This astute adage emphasizes the need for every nation to develop its transport infrastructure which creates economic development, creates employment, enhances safety and raises the standard of living of the entire populace.
In Nigeria, this onus lies with Mr. Rotimi Amaechi as the Minister of Transport and indeed all Nigerians hopes he does get it right so we could benefit from the enormous potentials the transport industry could provide the nation.
The Nigerian transport sector represents around 10% of Gross Domestic Product (GDP) and 10% of employment. In the past 30 years traffic has increased by more than 75%, while passenger movements grew by 110%. This has resulted to pollution and congestion.
The roads, rail system, air and sea transports remain the arteries of a port’s economy because they deliver goods to citizens and companies alike, as well as functioning as a major source of employment. Nevertheless, the port roads in Nigeria have become death‐traps, the water‐ways a den for pirates while the rail system takes one step forward and two backwards. This coupled with the congestion of city roads as a result of increase in urban population gives rise to a call for a new transport order.
Let’s take a cursory look at ways of creating comprehensive urban development and transport policies to address deep‐seated social and demographic changes at the ports.
One essential approach would be to strike a balance between different modes of transport. Our roads are cloaked with too many trucks carrying containers with items that can be conveyed via the waterways as Nigeria is blessed with a beautiful inland water system that stretches across more than 10,000km of navigable waterways. This water wealth comprises rivers, creeks, lagoons and lakes, and intra‐coastal waters. The railway can also be utilized rather than barricading our roads with trucks. To see the level this chaos has led to, simply visit the Oshodi‐Apapa expressway.

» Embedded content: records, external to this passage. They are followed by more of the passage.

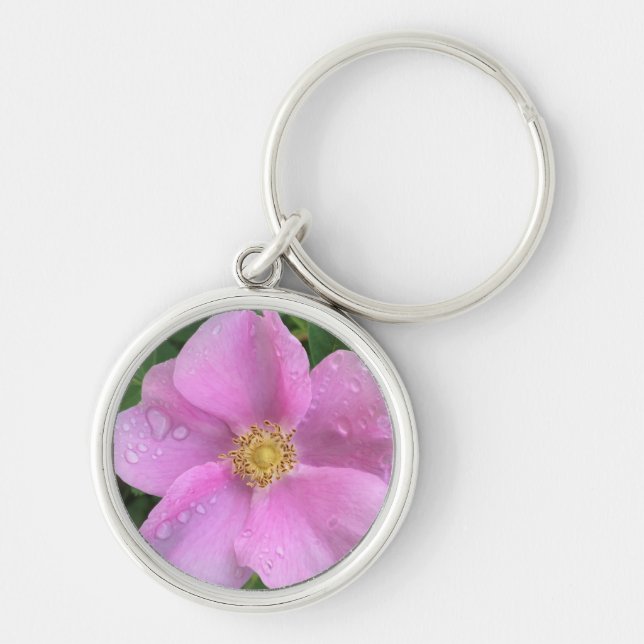 Pretty Pink Flower Photo Refreshing Raindrop Petal Key Ring (Front)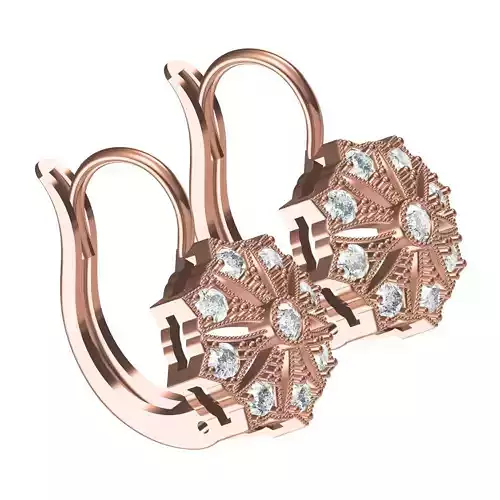 Milgrain Set Flower Earring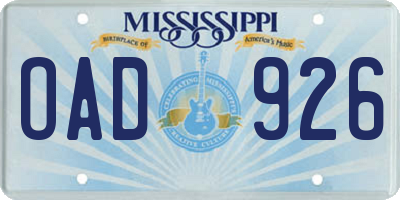 MS license plate OAD926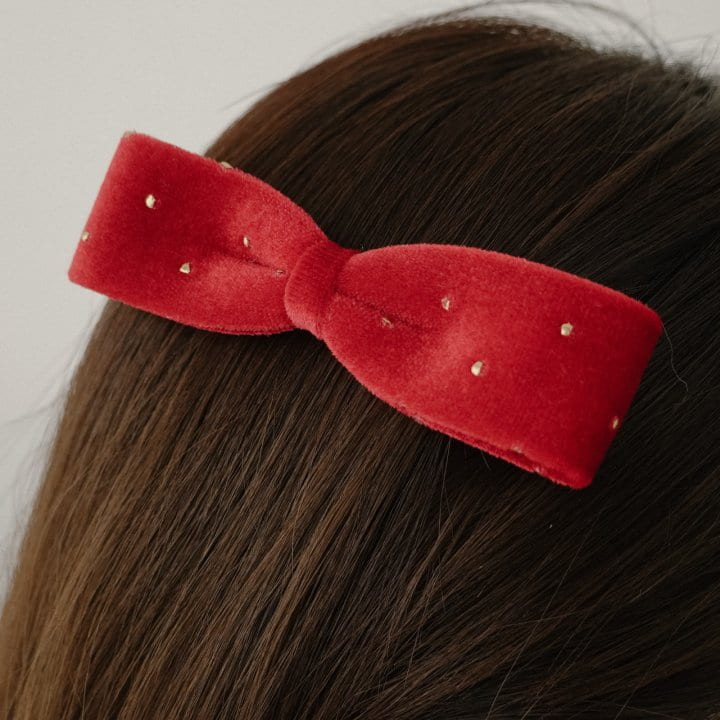 Eeiitt - Korean Women Fashion - #restrostyle - Golden Dot Ribbon Hairpin - 8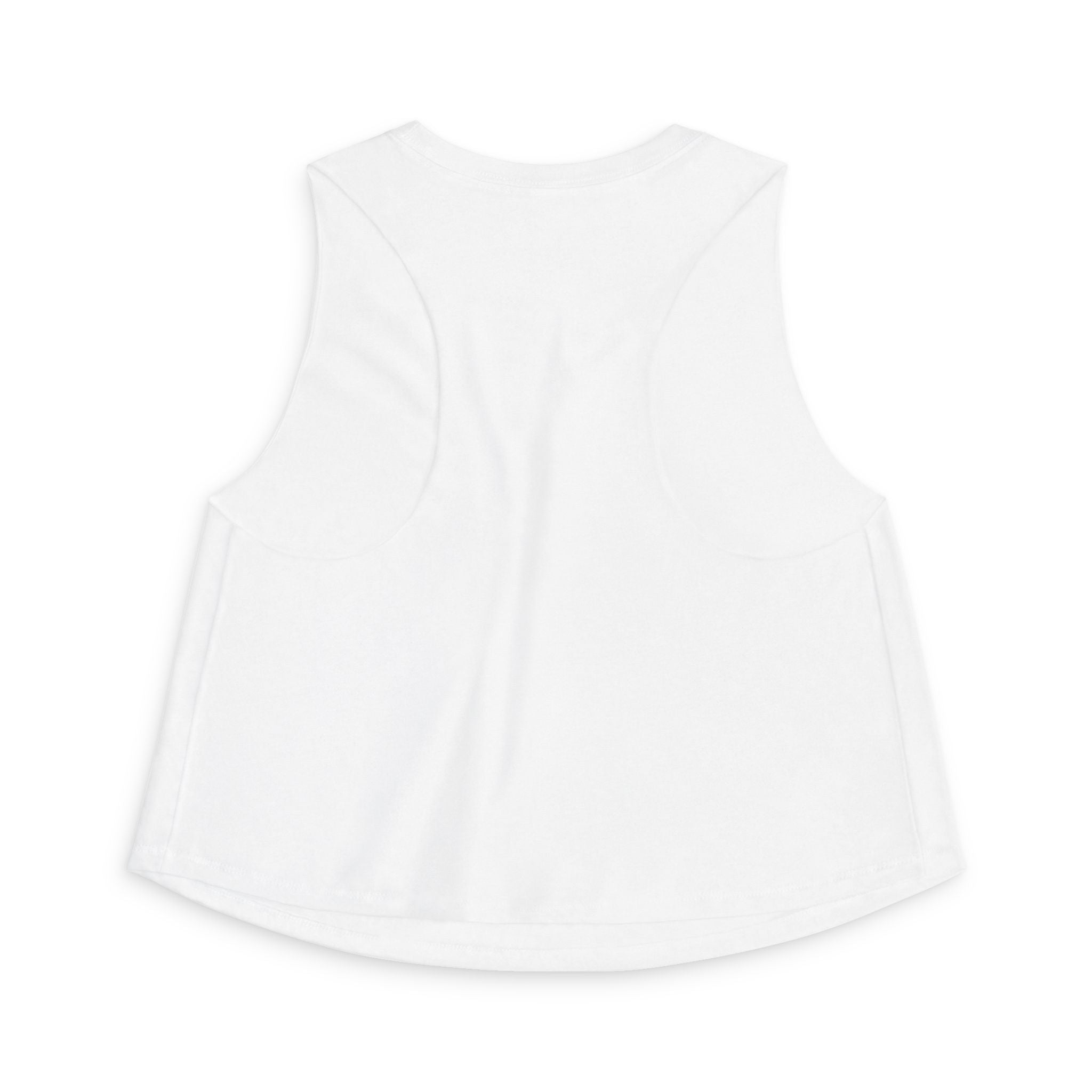 Overstimulated But Trying Tank Top — Women's White Cropped Muscle Tee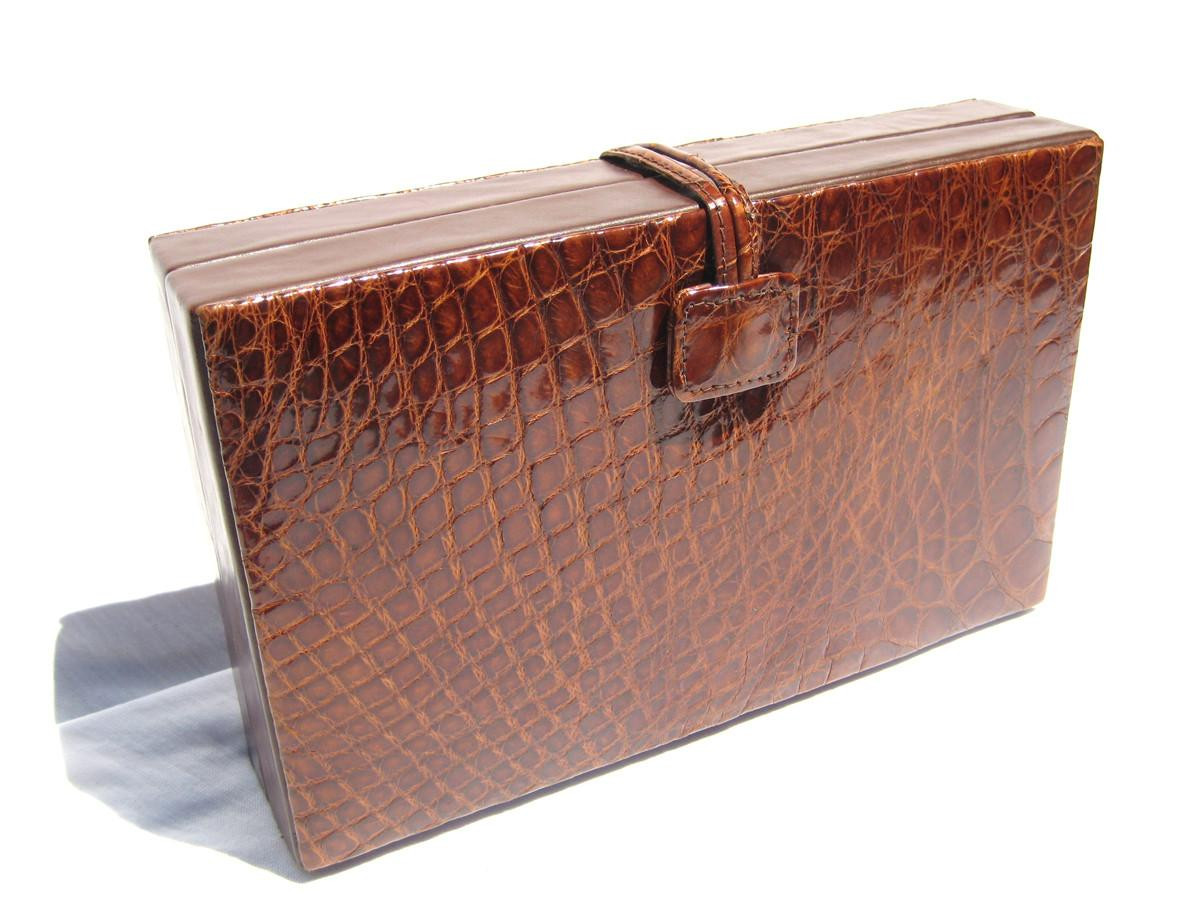 Beautiful RARE 1930's-40's Chestnut Brown CROCODILE Skin Jewelry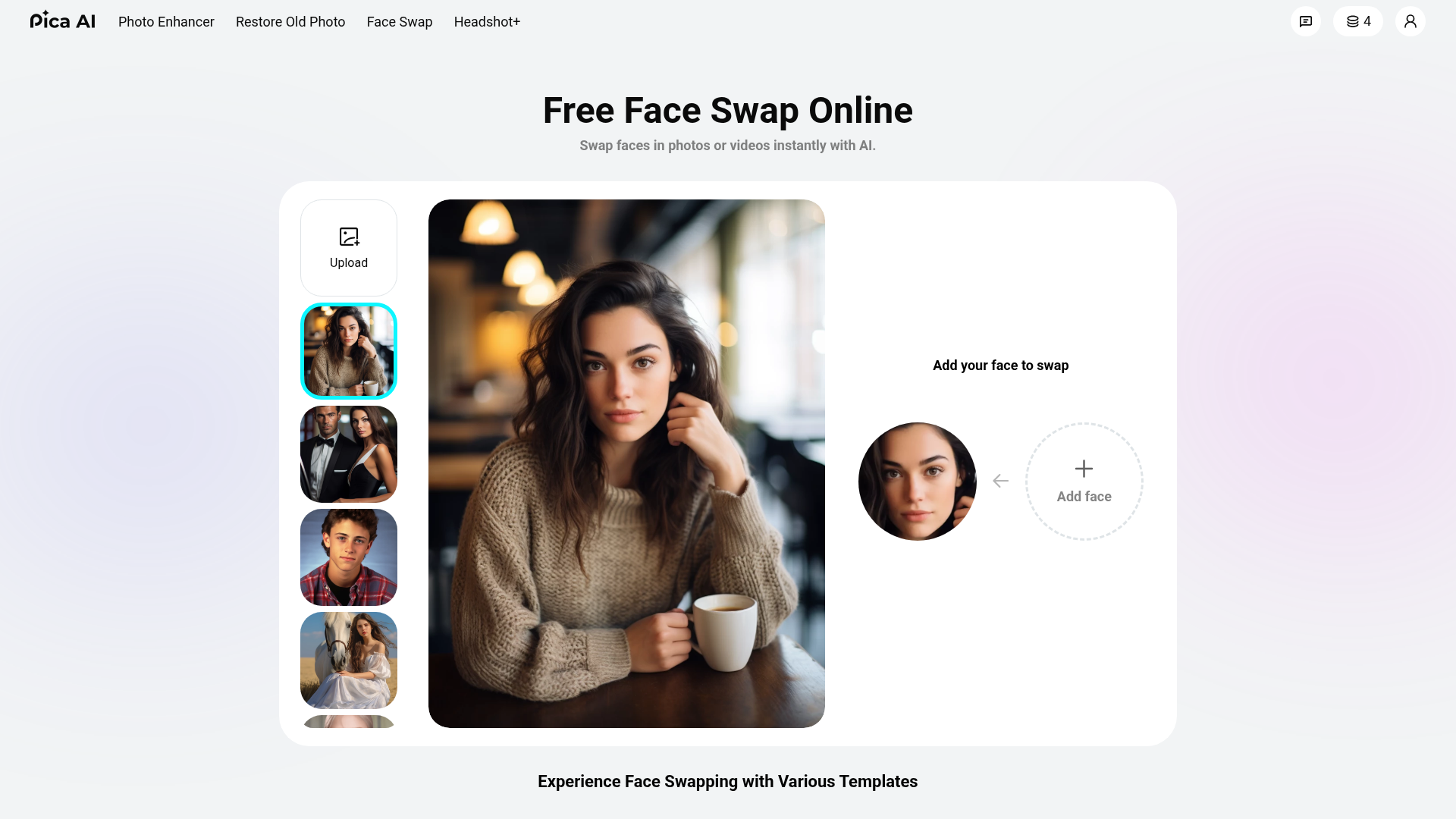 Pica AI のフェイススワップツール、ホームページのスクリーンショット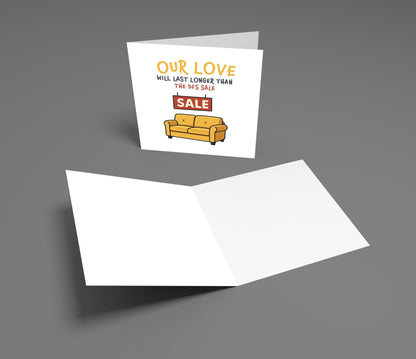 Greeting card with a yellow couch illustration and text on a gray background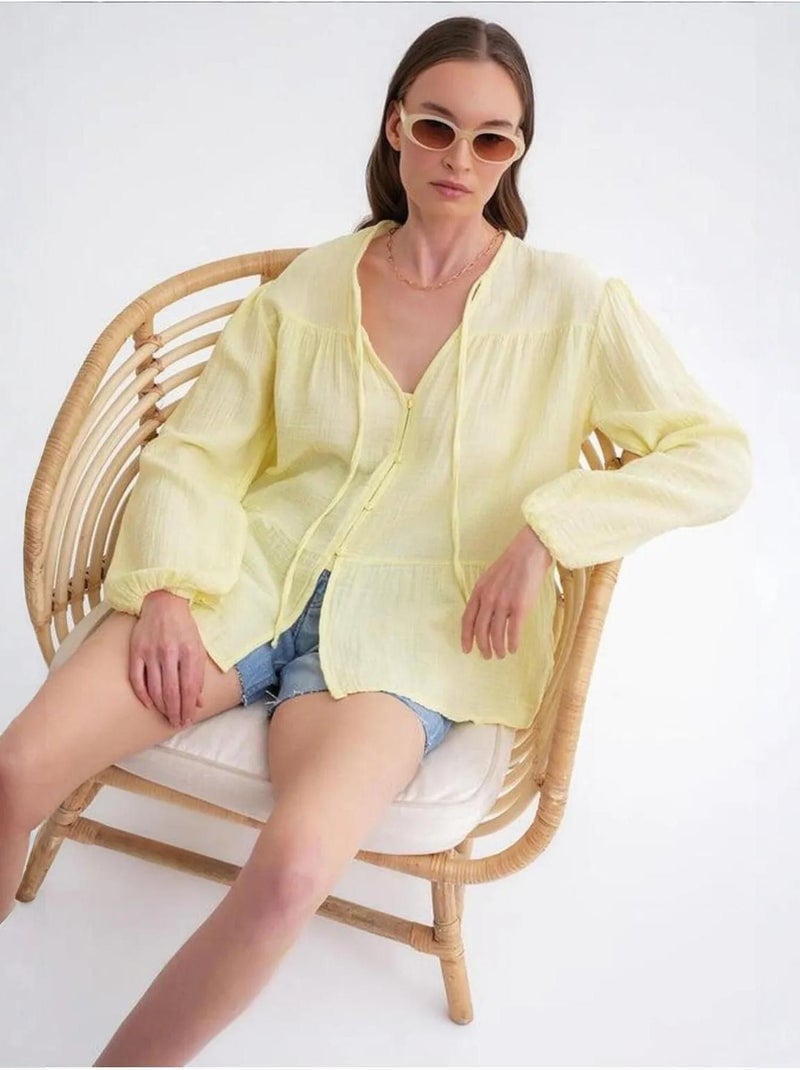 Chemise en seersucker à manches trois-quarts et col ras du cou avec détails de reliure mixray Jaune citron - Kiabi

It is also important to furnish other means of transportation such as the waterways and railway service with optimum services, security and safety which is obtainable via road transport. The problem is not that people aren’t aware that things and people could be transported via the waterways or the railways, but they feel it is safer via the roads and they are not wrong. The rail and waterways should be able to boast as much comfort and security to be able to encourage users.
Connecting all modes of transport together would also contribute chiefly to the ease of access. Other long‐term solutions the new Transport Minister could explore include, upgrading the public transport system and creating high performance traffic management teams which would be very crucial to creating an efficient transport system within and outside our ports.